Wasserstein Distance

Overview

Wasserstein distance (Earth Mover’s Distance) measures the minimum “cost” to transform one probability distribution into another. In data generation models like GARAGE, it quantifies the level of similarity between the real scRNA-seq data distribution and the generated synthetic data distribution.

Intuition: Given two distributions (real data \(P\) and generated data \(Q\)), the Wasserstein distance is the minimum amount of “mass” that must be moved — weighted by distance — to transform \(P\) into \(Q\).

Advantages

  • Works well for distributions that may not perfectly overlap.

  • Captures spatial/geometric relationships in the data.

  • Provides a single scalar that can be compared across datasets and models.

Limitations

  • Computationally expensive for large datasets (exact solution via Optimal Transport is \(O(n^3)\)).

  • Approximate solutions (Sinkhorn) reduce cost but introduce a regularisation bias.

  • Should be complemented with clustering-based metrics (ARI, NMI, F1).

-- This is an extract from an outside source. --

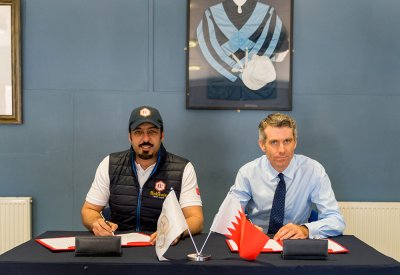 نادي راشد للفروسية وسباق الخيل يواصل التعاون المشترك مع مدرسة السباقات البريطانية لدعم وتطوير الفرسان البحرينيين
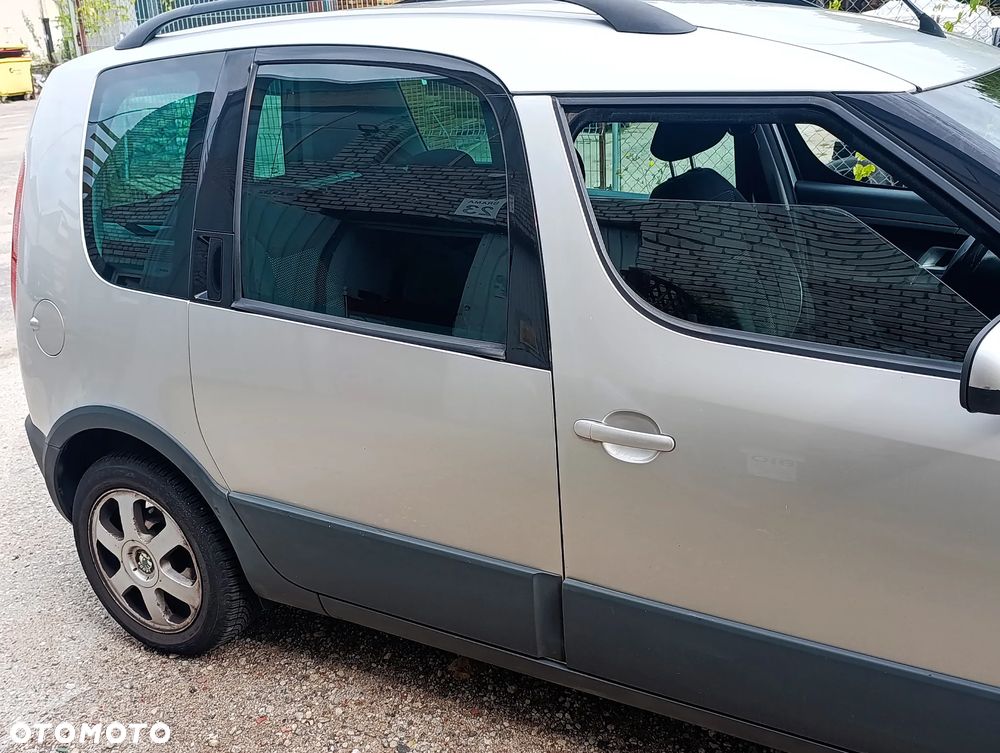 Skoda Roomster 1.4 TDI Scout - 4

Wasserstein Distance in GARAGE

After generating synthetic cell samples with GARAGE, the Wasserstein distance is computed between the generated and real data distributions. A small Wasserstein distance (e.g., \(\ll 0.1\) for normalised data) indicates that the synthetic data closely matches the real data.

Running the Computation

# Example: compute WD between real CBMC and generated output
python -m data_generation.wasserstein_distance \
    --dataset cbmc \
    --gen_csv data/gen_data/cbmc_data_mixdata_iter3_top_426.csv

The script:

  1. Loads the real expression matrix (via config.py).

  2. Loads the generated data CSV.

  3. Normalises both matrices to sum-to-1 probability distributions.

  4. Computes the pairwise Euclidean distance matrix.

  5. Runs Optimal Transport (ot.emd2) to compute the exact Earth Mover’s Distance.

Implementation Reference

See data_generation/wasserstein_distance.py for the full implementation. Key snippet:

import ot
from scipy.spatial.distance import cdist

unifs1 = real_data / len(real_data)
unifs2 = gen_data / len(gen_data)
dist_mat = cdist(unifs1, unifs2, metric='euclidean')
emd_dist = ot.emd2(
    np.ones(len(real_data)) / len(real_data),
    np.ones(len(gen_data)) / len(gen_data),
    dist_mat,
    numItermax=100000
)

What Good Scores Look Like

Dataset

Cells

Typical WD

Interpretation

Yan

124

< 0.01

Excellent match on small datasets

Pollen

301

< 0.02

Tight fit

CBMC

7,895

< 0.005

Near-perfect on large datasets

Muraro

2,126

< 0.01

Strong match

Improving Wasserstein Distance

If your WD is high:

  1. Train the GAN for more iterations (increase gan_total_iters in config.py).

  2. Increase the leakage fraction \(\lambda\) (e.g., from 0.2 to 0.3).

  3. Adjust the generator/discriminator learning rates.

  4. Check that the generated output includes all cell types (no mode collapse).